“Ai fini della convalida dell’atto viziato da insufficiente motivazione, va posta la distinzione: a) se l’inadeguatezza della motivazione riflette un vizio sostanziale della funzione (in termini di contraddittorietà, sviamento, travisamento, difetto dei presupposti), il difetto degli elementi giustificativi del potere non può giammai essere emendato, tantomeno con un mero maquillage della motivazione: l’atto dovrà comunque essere annullato; b) se invece la carenza della motivazione equivale unicamente ad una insufficienza del discorso giustificativo-formale, ovvero al non corretto riepilogo della decisione presa, siamo di fronte ad un vizio formale dell’atto e non della funzione: in tale caso, non vi sono ragioni per non riconoscersi all’amministrazione la possibilità di tirare nuovamente le fila delle stesse risultanze procedimentali, munendo l’atto originario di una argomentazione giustificativa sufficiente e lasciandone ferma l’essenza dispositiva, in quanto riflette la corretta sintesi ordinatoria degli interessi appresi nel procedimento“.
È quanto emerge dalla sentenza del Consiglio di Stato, sez. VI, 27 aprile 2021, n. 3385.

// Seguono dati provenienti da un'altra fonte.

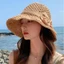 COO Mũ Rơm Nơ Thời Trang Có Chống Nắng Nhẹ Đi Biển Kỳ Nghỉ Mũ Thoáng Khí Nữ Du Lịch Ngoài Trời Sun H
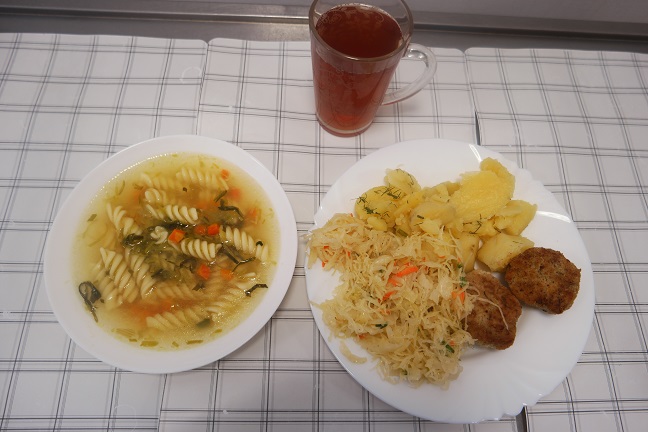 Obiad- dieta podstawowa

E secondo il Collegio, la convalida dell’atto viziato da insufficiente motivazione può essere adottata anche in pendenza di una impugnativa giurisdizionale dell’atto da convalidare ; in tale caso, infatti, l’interessato, con motivi aggiunti, può domandare, sia l’annullamento dell’atto di convalida perché autonomamente viziato ‒ contestandone quindi la stessa ammissibilità ‒, sia l’annullamento dell’atto come convalidato, adducendone la persistente illegittimità.